Without for a moment suggesting that a consistent story is true about Jesus, I want to make clear that I have a consistent story, beginning with John’s Gospel that swings from metaphysics to friendship and that has nearly always two story-lines: one that is for the masses and one for sophisticated Christians. I follow that through history to our own day. But is this not still only speculation? So I have an interpretive point of view, for which I can argue vigorously, is it still not merely an argument? Don’t I recognize the power of many other interpretations, particularly more fundamentalistic ones? Don’t I recognize that the finer my interpretations, the fewer people agree with me? Of course I do.
Moreover, the existential meaning of Jesus is itself speculative. How many people have believed that faith in Jesus will get them into Heaven? I don’t even believe in Heaven as a place for after-life experiences. How many people have believed that Jesus is the judgment of God, rewarding the good and punishing the evil? I don’t believe that evil is something worth punishing. How many people have believed that everyone is saved in the end through faith in Jesus? I’m a little shaky even on salvation. How many people go along with Jesus’s rather apparent pacifism? In the short run I’m dead set against it.
Now I’ll bet a lot of you share my doubts about Jesus. In church, everything is fine because we know that the language of the liturgy, even of the preaching, is mainly metaphorical. But when pressed, how much can we affirm that Jesus is Son of God? Not much. And this is where the doctrine of Jesus as Son of God has holes in it. Your holes might be different from mine. Nevertheless, at some point, when pressed, or at night, or when faced with Covid 19, I bet you just get quiet and say someone else had better figure it out.
The doctrine of the Holy Spirit is equally full of holes. It began with the Gospel of John’s introduction that took the form of a special midrashic sermon based on two texts. The primary text was the first part of Genesis that said that the universe was created by God speaking. Was God whole while silent but also while speaking? That gives rise to a rather simple view of God as a person. Or was God whole prior to speaking so that the creation of speech was the beginning of creation? This gives rise to a very sophisticated view of God prior to speaking and then a determinate situation once speech began; on this view the speech was divine and was that through which all things were made. This was the view held by John and the Christians, and it was acceptable within Judaism up until the Babylonian Talmud in the fourth century; then the Jews defended more strongly the first interpretation according to which God is like a person, first silent and then speaking. John’s second text was the reference to Lady Wisdom in Ecclesiastes and the intertestamental writings as being around and ready for heeding but being neglected. Finally God made his speech or Logos incarnate in the person of Jesus who was himself treated very badly. But then John’s text shifts to the biographical details of Jesus’s life. Nevertheless, Jesus promised to send the Logos, or divine speech, or the Holy Spirit to guide the disciples after he had died.

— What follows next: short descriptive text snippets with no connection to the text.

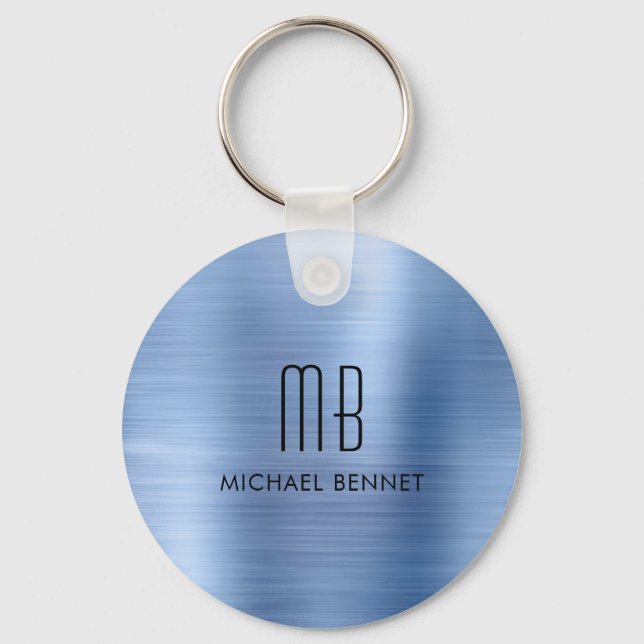 Porte-clés Poudre de Monogramme Bleu Faux Métal Brossé (Recto)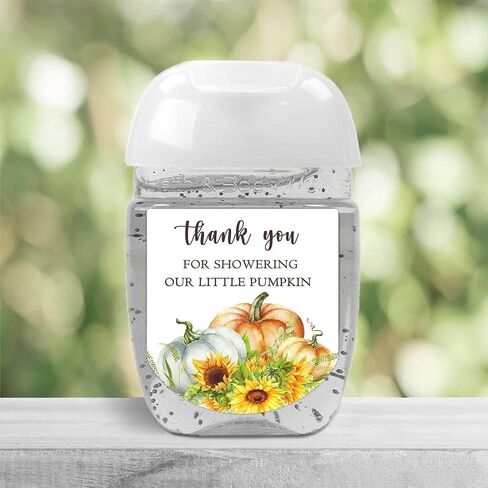 Buerhanerry 90 Pumpkin Baby Shower Hand Sanitizer Labels ، Little Pumpkin is on The Way, Fall Pumpkin Baby Shower Favors, Thank You Stickers in Kuwait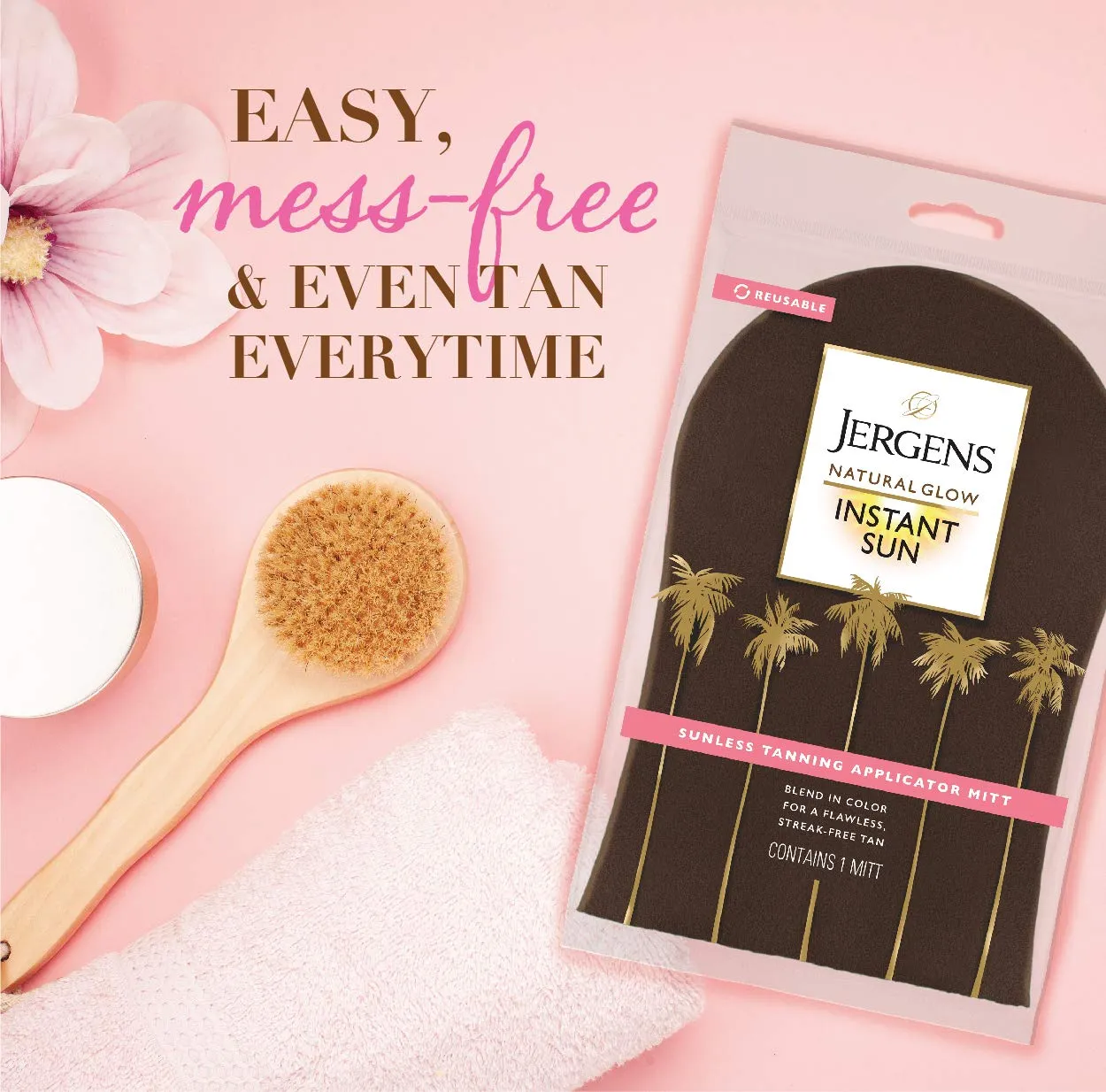 Jergens Natural Glow Body Applicator Mitt, Flawless, Streak-free Tanning Blender Glove, Reusable Tanning Mitt Protects Hands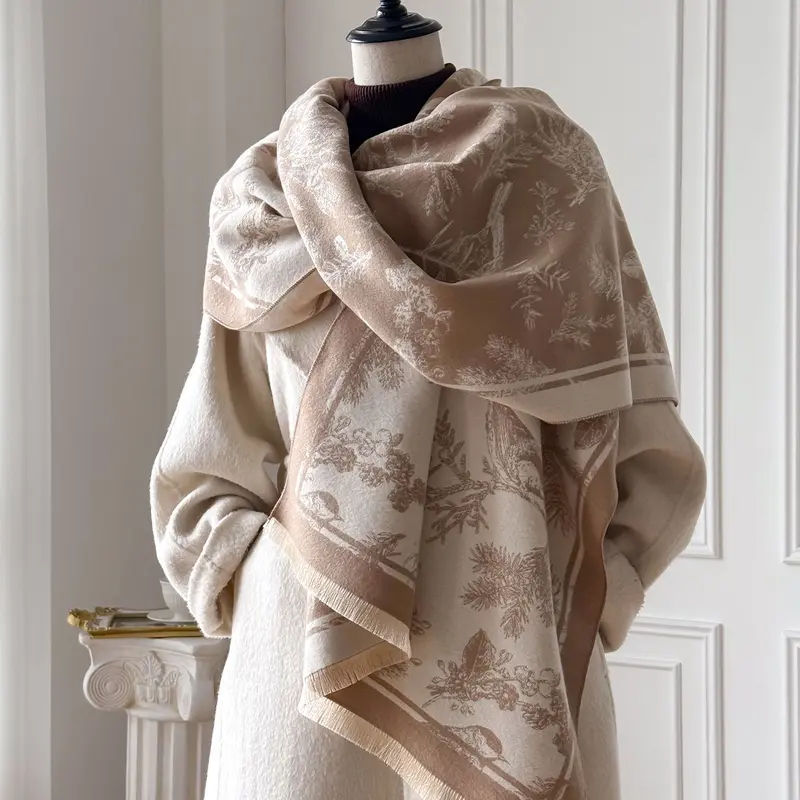 Women's Winter, Loose Fit Floral Pattern Shawl, Floral Print Scarf, Casual Loose-Fit Design, Thick Woven Fabric, Warm & Soft, Perfect for All Seasons, Elegant Fashion Accessory, Casual Fashionable Scarf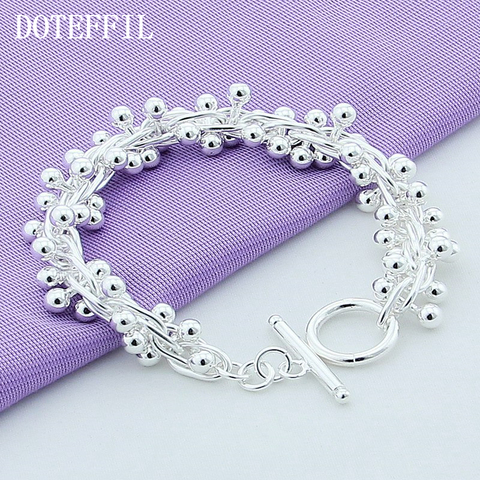 DOTEFFIL 925 Sterling Silver Smooth Grape Bead Bracelet For Women Fashion Charm Wedding Engagement Party Jewelry ► Photo 1/3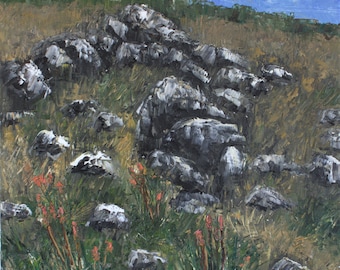 California Landscape Rocks Wall Art Original Oil Painting 11 x 14 in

The Book of Acts records how on Pentecost day the Holy Spirit descended to the disciples in tongues of fire on their heads, giving them wisdom and the power to speak in all the languages represented in their audience. This marks the beginning of an association of the Holy Spirit with the Church that has come down to the present day. All sorts of stories exist in which the Holy Spirit comes to individuals. But mainly it is to the Church that the Spirit comes. Paul Tillich went so far as to say that the Church is not the real Church, but is a phony church, unless the Spirit is present, which leaves him with the problem of identifying the true Church. If you eliminate the separation of the Holy Spirit and the Church, don’t you have only the Holy Spirit?
If you have only the Holy Spirit, what are its marks? How can you tell?
The holes in the Person of the Holy Spirit have lapped around the doctrine since its beginning. It is easy to claim the Spirit for the side that wins the debate, which is what happened. But then the losers of the debate also claimed it. Schleiermacher had perhaps the best version of the doctrine insofar as he gave a theoretically rich interpretation of the experience of the Holy in nearly (or in fact in) every person. But his interpretation rested upon a metaphysical distinction at the root of experiential process between the passive and the active, and not many people agree to that. I think Schleiermacher’s tack is good so far as it goes, but it needs to go much farther, and perhaps will turn around and prove that just the opposite is the true, that the confusion of the passive and active proves there is no Holy Spirit. When we look to the Holy Spirit to give us a divine authority for something we want to say, it is full of holes.
The Person of the Father is the most universal of Christian doctrines. Backing off from the Son and the Holy Spirit, it is extremely general. The adoption of Greek thinking gave the Christians plenty of room to speculate on God as Creator. Aquinas defended the Neo-Platonic view that God is infinite and that the creation is finite and made from the infinite. Calvin too said that God is infinite. Schleiermacher and Tillich were somewhat vague about whether God is full or empty, limiting himself to God’s creation. West Asian religions have tried to carry over the personal characteristics of intentionality and wisdom to God, even when God is beyond real characters. South Asian religions have taken the intentionality line to be unfavorable and have pushed for consciousness in some pure state to be the nature of God, even when God is beyond nature. The East Asians have given up just about all uses of the metaphor of the person for God and have talked about nature giving rise spontaneously to determinate things. The Chinese have been naturalistic rather than theistic in their theology. All have admitted that some line of finite characteristics remains with God, even when substantial form is denied it. At least, this is the way I read the intellectual progress of religions.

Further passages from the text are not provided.